Task item: A word-for-word copy of the data is what's wanted, with no pictures.

:: Data below

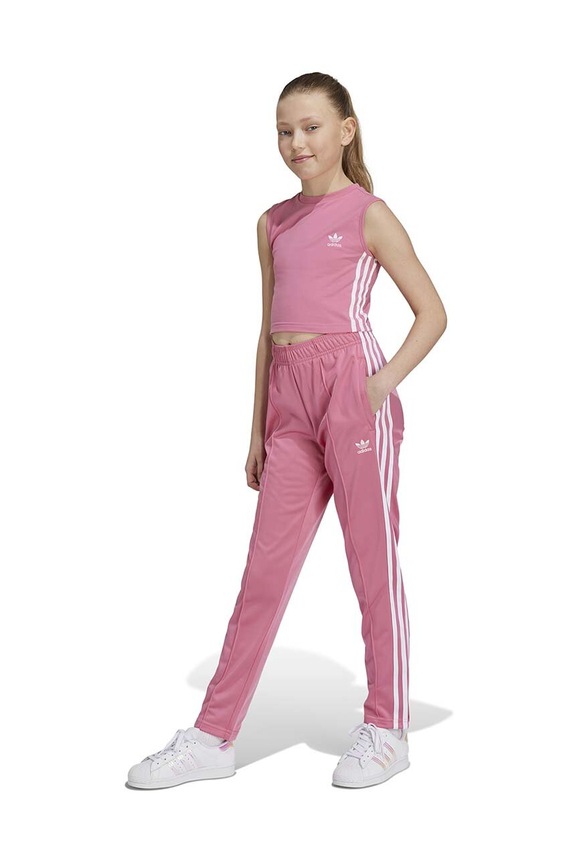 adidas Originals spodnie dresowe dziecięce SST TP OPEN HEM dzianina różowy IY4032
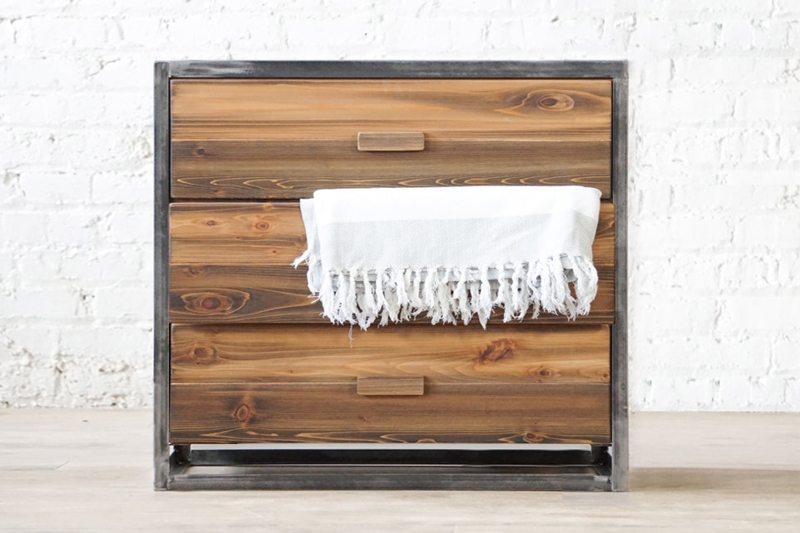 Dresser with Open Base, Three Drawers, Rustic Wood and Metal Frame
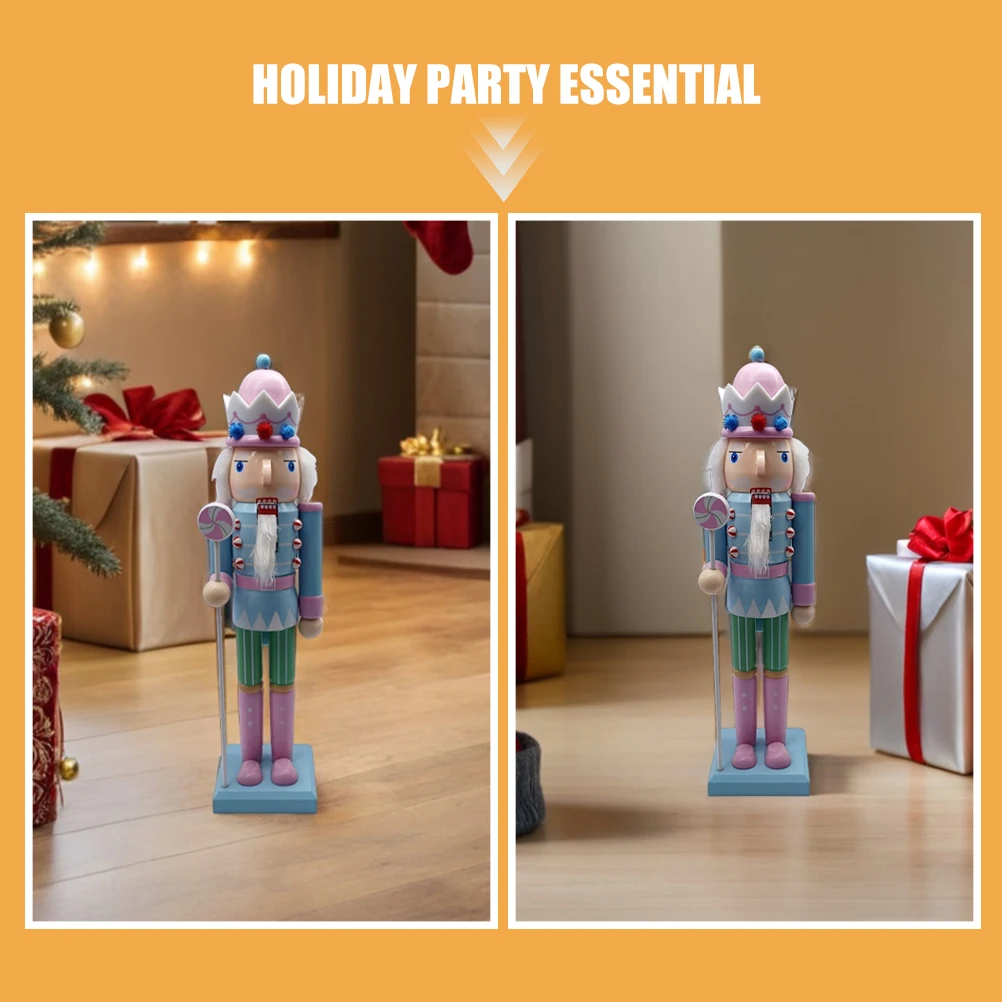 

Pastel Christmas Nutcracker Ornament Candy Colored Soldier Figures Nutcrackers Christmas Decor For Desktop Table Collection 38cm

::::

Exercise result:
 adidas Originals spodnie dresowe dziecięce SST TP OPEN HEM dzianina różowy IY4032
 Dresser with Open Base, Three Drawers, Rustic Wood and Metal Frame

Pastel Christmas Nutcracker Ornament Candy Colored Soldier Figures Nutcrackers Christmas Decor For Desktop Table Collection 38cm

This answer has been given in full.